Since Japan’s fiscal year started in April, sales of longer yen company notes due in nine to 11 years have dropped about 5%, Bloomberg-compiled data show. The 10-year sector is particularly sensitive to the BOJ’s cuts in bond buying. That came as issuance of similar debt maturing in four to six years jumped 22%.

Signs of the central bank’s hawkishness  — only about 30% of BOJ watchers predicted a hike as their base-case scenarios, according to a Bloomberg survey — indicate that investors may avoid riskier debt even more.  
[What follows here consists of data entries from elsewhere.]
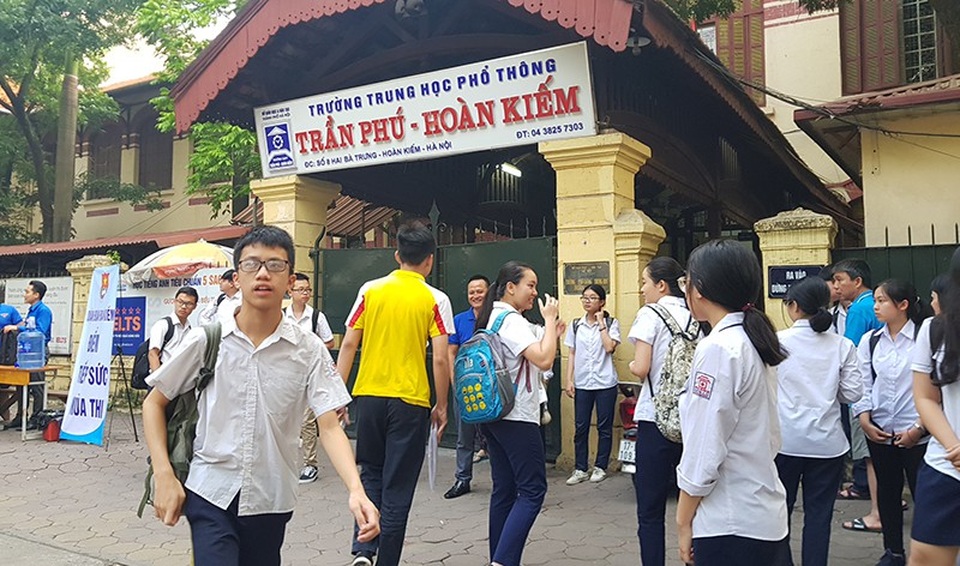 Thí sinh Hà Nội mải miết ôn bài trước khi thi vào lớp 10 - 2 Tại trường THPT Trần Phú, thí sinh có mặt từ 6h để chuẩn bị.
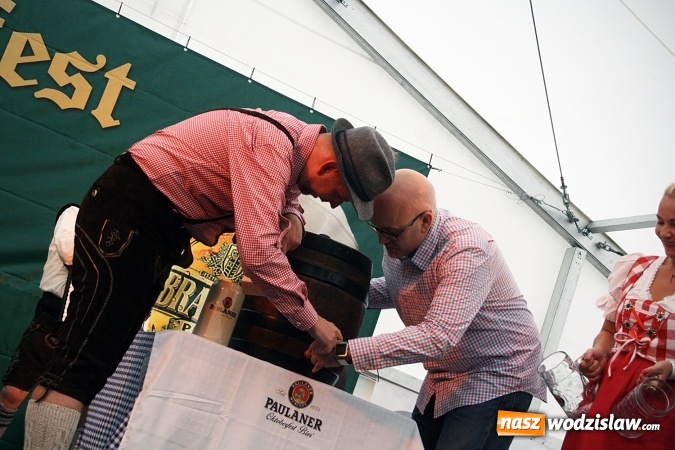 Zdjęcie w galerii na portalu naszwodzislaw.com: Oktoberfest w Wodzisławiu: Wystarczyło tylko jedno uderzenie i... piwo zaczęło lać się z każdej strony wiadomości z regionu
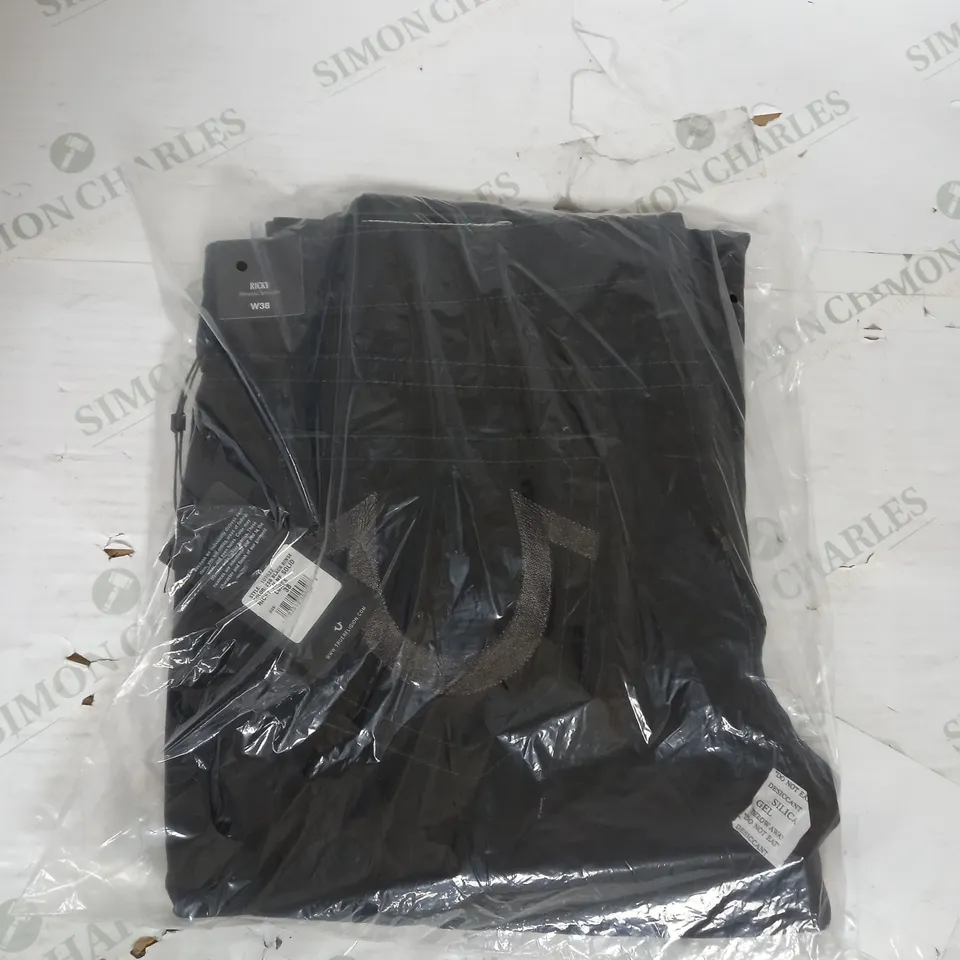 TRUE RELIGION RICKY RELAXED STRAIGHT JEAN IN BLACK RINSE SIZE 38W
“Investor demand for long-term corporate bonds will probably fall due to higher rates,” said Kazuma Ogino, senior credit analyst at Nomura Securities Co. “Investors will likely want more five-year corporate bonds and fewer 10-year notes.”

That may reduce companies’ ability to hold secure funds for long periods via debt issuance. For investors in Japan’s corporate bonds, the impact of the BOJ’s efforts to ‘normalize’ monetary policy may become clearer: while they were able to earn higher returns putting their money in longer and riskier debt while the BOJ was conducting radical easing, they now need to weigh more the possibility of losses as interest rates may rise further.

Investors may also opt to put their money in government bonds rather than corporate notes to avoid risks as debt yields rise, said Shunsuke Oshida, head of credit research at Manulife Investment Management Japan. That may lead to spreads widening on corporate debt relative to sovereign bonds, he said.